Otis Gardiner, the arch-villain in Coram Boy (published by Mammoth) is modelled on tales of an 18th-century Gloucestershire bogeyman known as the "Coram Man". He claimed to be working for the philanthropist Thomas Coram's hospital for foundling children in London and offered to save mothers from disgrace by taking their unwanted children to Coram's care.
In fact he had no connection with the Coram charity: he would pocket the money, dispose of the children and blackmail the mothers.
Jamila Gavin picked up the Coram Man's trail five years ago near her home town of Stroud. "I had never heard of the Coram Foundation but when I went to the phone book and found that it was still a children's charity and it had a Foundlings' Museum, then I was off."

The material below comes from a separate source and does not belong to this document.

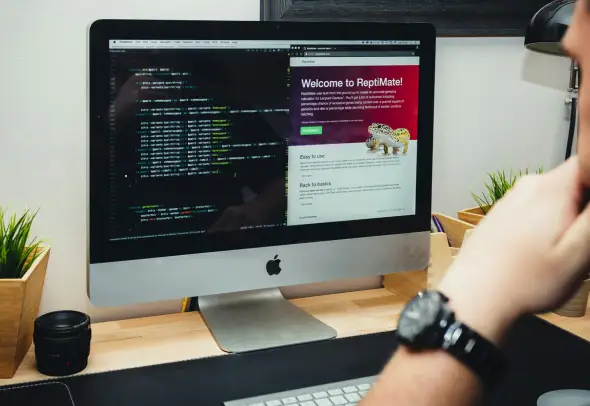 Professional PHP Development Services for the USA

Coram Boy also draws on the author's love of music (she trained at Trinity College of Music before starting her writing career in the 1970s). It follows the fortunes of Gloucester Cathedral choirboys, Alexander and Thomas. Alexander's son, Aaron, is saved from the Coram Man, brought up in the real Coram institution and taught to sing in an early performance of Handel's Messiah.
The Whitbread children's award, which was presented in London this week, comes with a prize of pound;3,500. The panel which considered 101 novels included two young judges, Eleanor Pullan from Bristol grammar school (formerly of The Meadows county primary) and Adam Usden from Manchester grammar.
The Marsh Award for Children's Literature in Translation has gone to Duel by David Grossman, translated from Hebrew by Betsey Rosenberg.
This is a love story and cross-generational mystery for 10-year-olds upwards, published by Bloomsbury Children's Books. Betsey Rosenberg gets a prize of pound;750.